### Work instruction
Write out the whole listing below exactly, skipping each picture.
==========
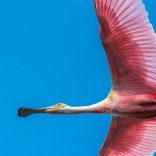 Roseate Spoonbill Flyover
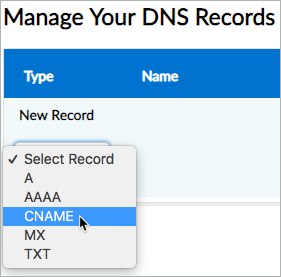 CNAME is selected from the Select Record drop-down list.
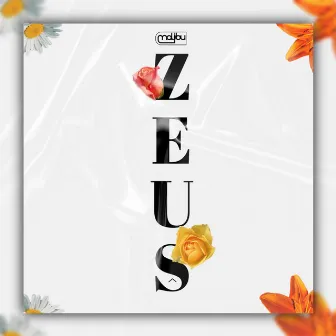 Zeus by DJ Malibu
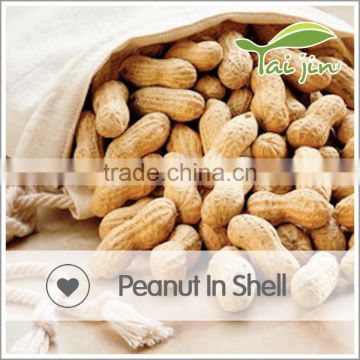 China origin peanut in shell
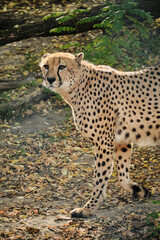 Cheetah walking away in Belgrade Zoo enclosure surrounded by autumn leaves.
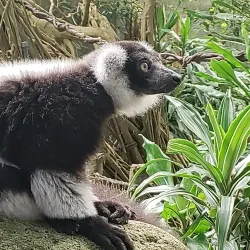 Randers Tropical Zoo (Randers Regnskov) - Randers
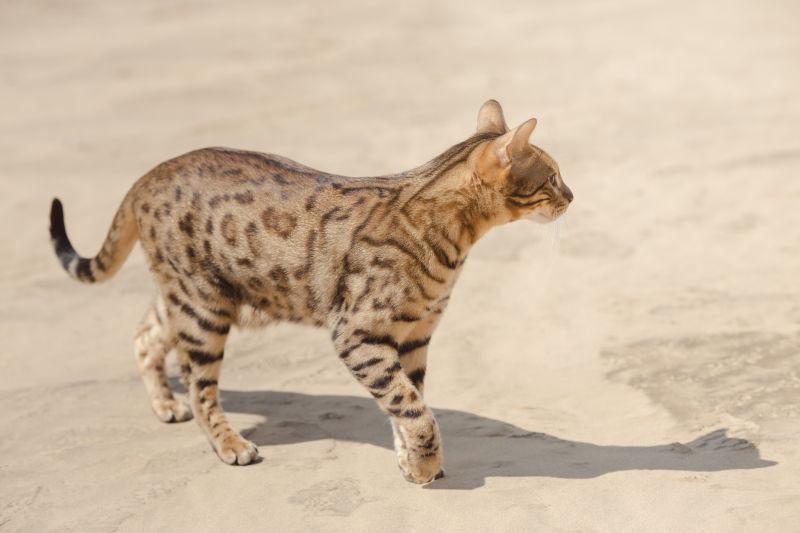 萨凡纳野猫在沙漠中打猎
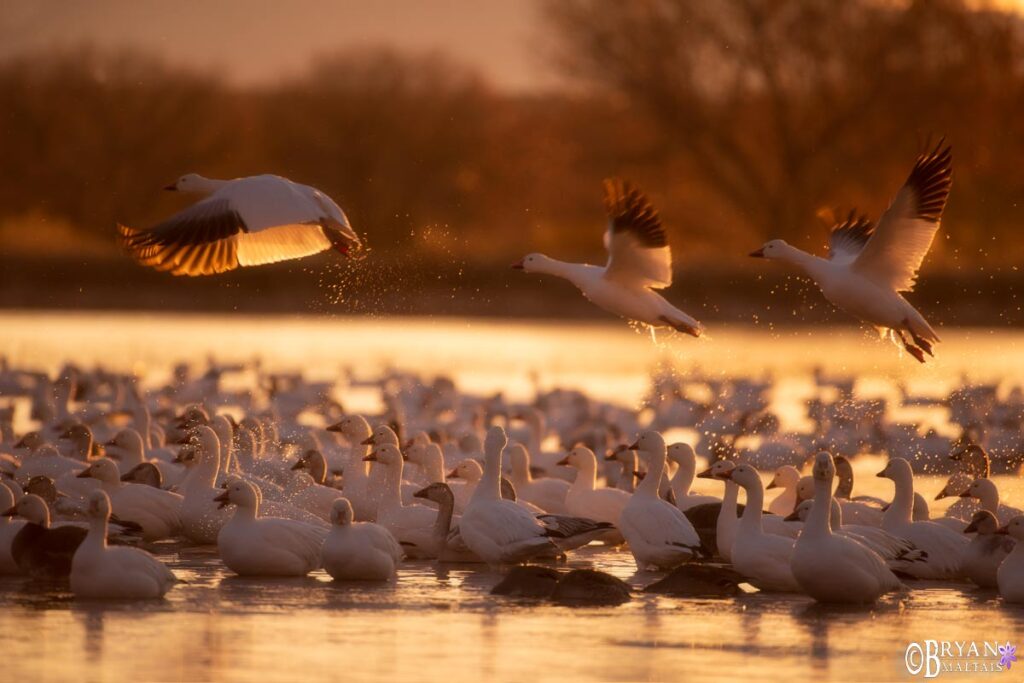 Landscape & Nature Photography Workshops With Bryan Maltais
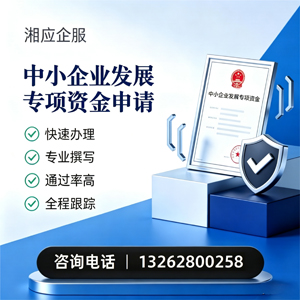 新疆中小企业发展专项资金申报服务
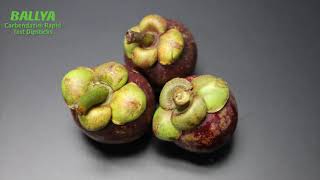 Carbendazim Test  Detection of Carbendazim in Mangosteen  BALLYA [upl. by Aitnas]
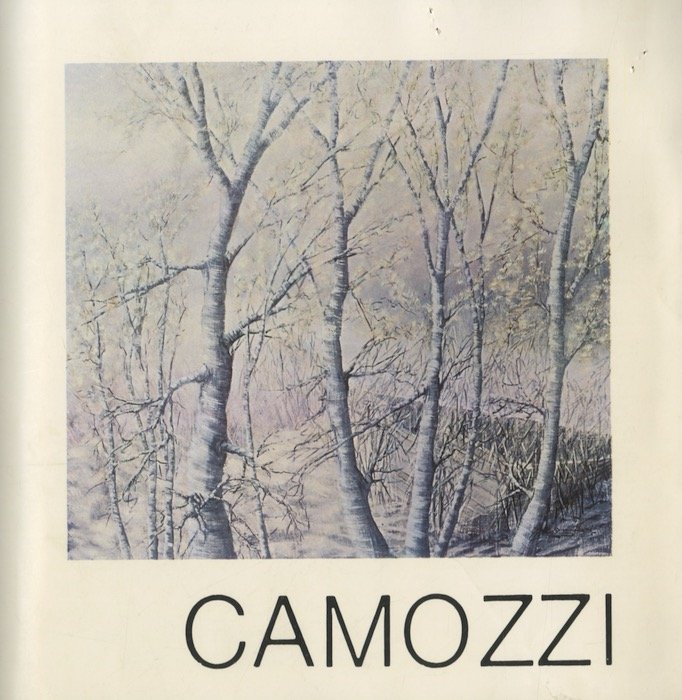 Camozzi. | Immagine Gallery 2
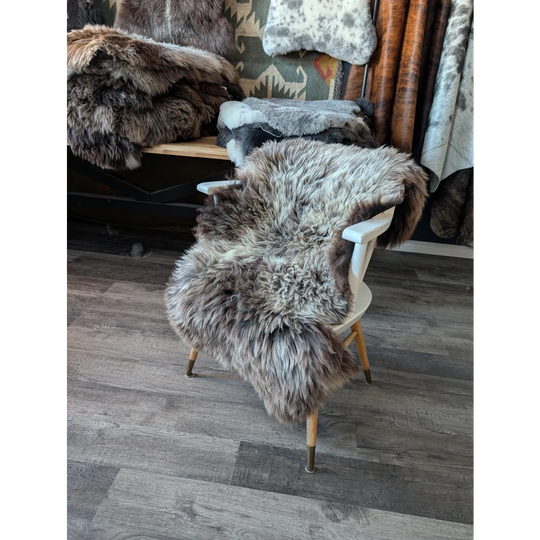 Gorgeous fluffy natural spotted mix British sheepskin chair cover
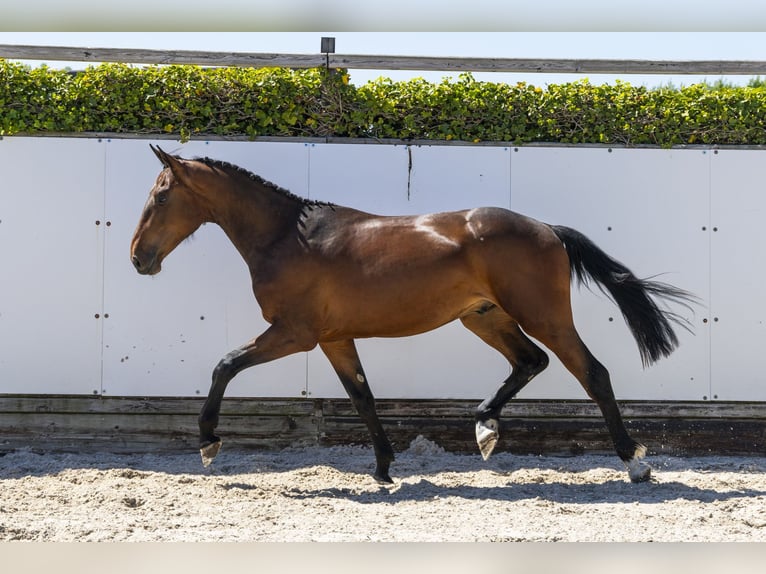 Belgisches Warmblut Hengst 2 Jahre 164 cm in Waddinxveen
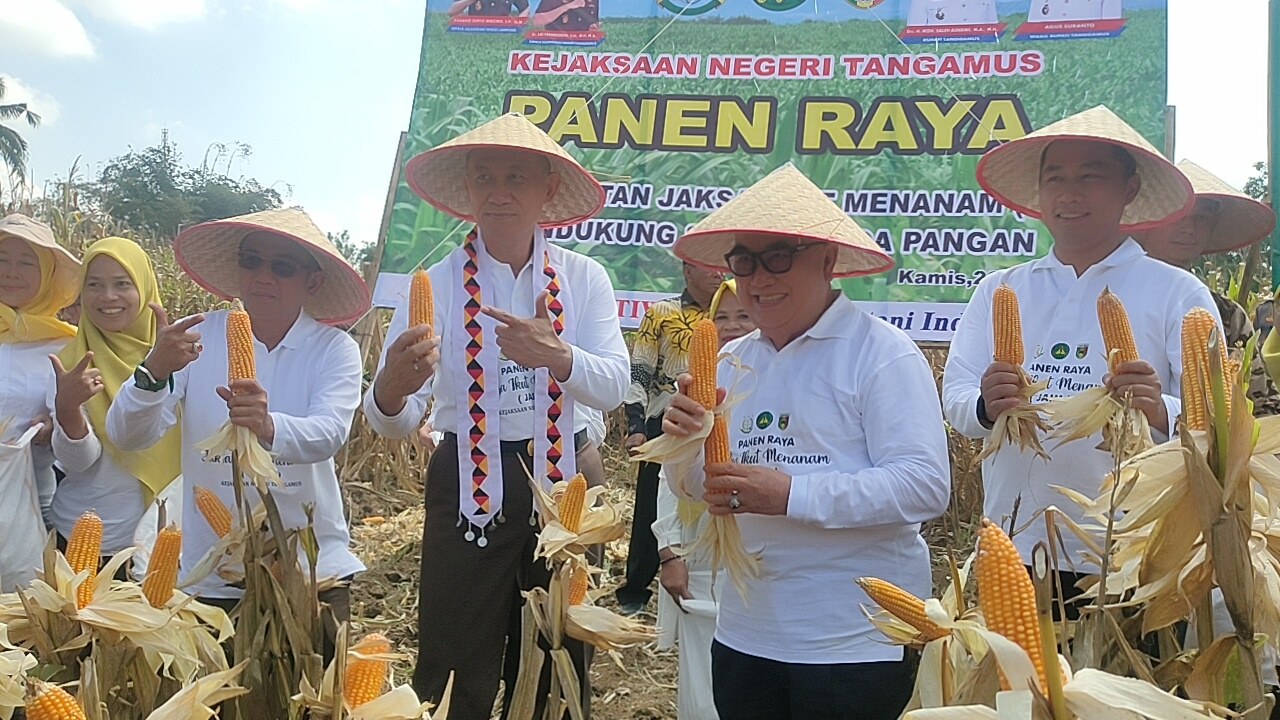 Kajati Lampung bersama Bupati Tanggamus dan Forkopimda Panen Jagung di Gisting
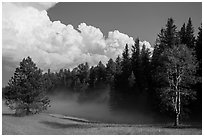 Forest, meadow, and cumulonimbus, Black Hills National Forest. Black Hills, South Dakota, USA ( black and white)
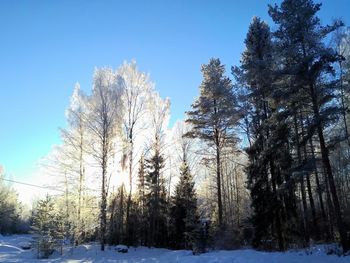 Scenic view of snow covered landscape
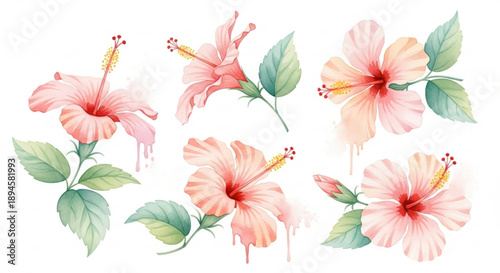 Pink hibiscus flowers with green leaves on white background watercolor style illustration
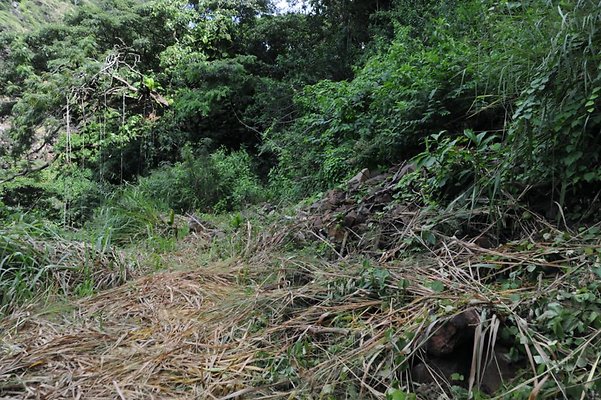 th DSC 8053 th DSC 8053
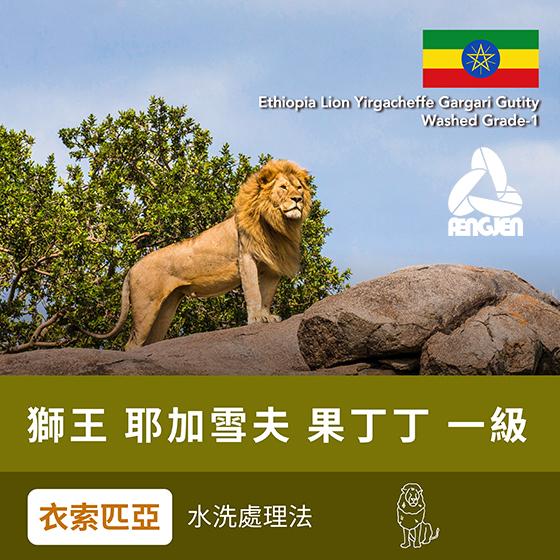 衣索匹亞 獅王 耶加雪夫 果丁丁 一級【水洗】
==========
### Written response
 Roseate Spoonbill Flyover
 CNAME is selected from the Select Record drop-down list.
 Zeus by DJ Malibu
 China origin peanut in shell
 Cheetah walking away in Belgrade Zoo enclosure surrounded by autumn leaves.
 Randers Tropical Zoo (Randers Regnskov) - Randers
 萨凡纳野猫在沙漠中打猎
 Landscape & Nature Photography Workshops With Bryan Maltais
 新疆中小企业发展专项资金申报服务
 Carbendazim Test  Detection of Carbendazim in Mangosteen  BALLYA [upl. by Aitnas]
 Camozzi. | Immagine Gallery 2
 Gorgeous fluffy natural spotted mix British sheepskin chair cover
 Belgisches Warmblut Hengst 2 Jahre 164 cm in Waddinxveen
 Kajati Lampung bersama Bupati Tanggamus dan Forkopimda Panen Jagung di Gisting
 Forest, meadow, and cumulonimbus, Black Hills National Forest. Black Hills, South Dakota, USA ( black and white)
 Scenic view of snow covered landscape
 Pink hibiscus flowers with green leaves on white background watercolor style illustration
 th DSC 8053 th DSC 8053
 衣索匹亞 獅王 耶加雪夫 果丁丁 一級【水洗】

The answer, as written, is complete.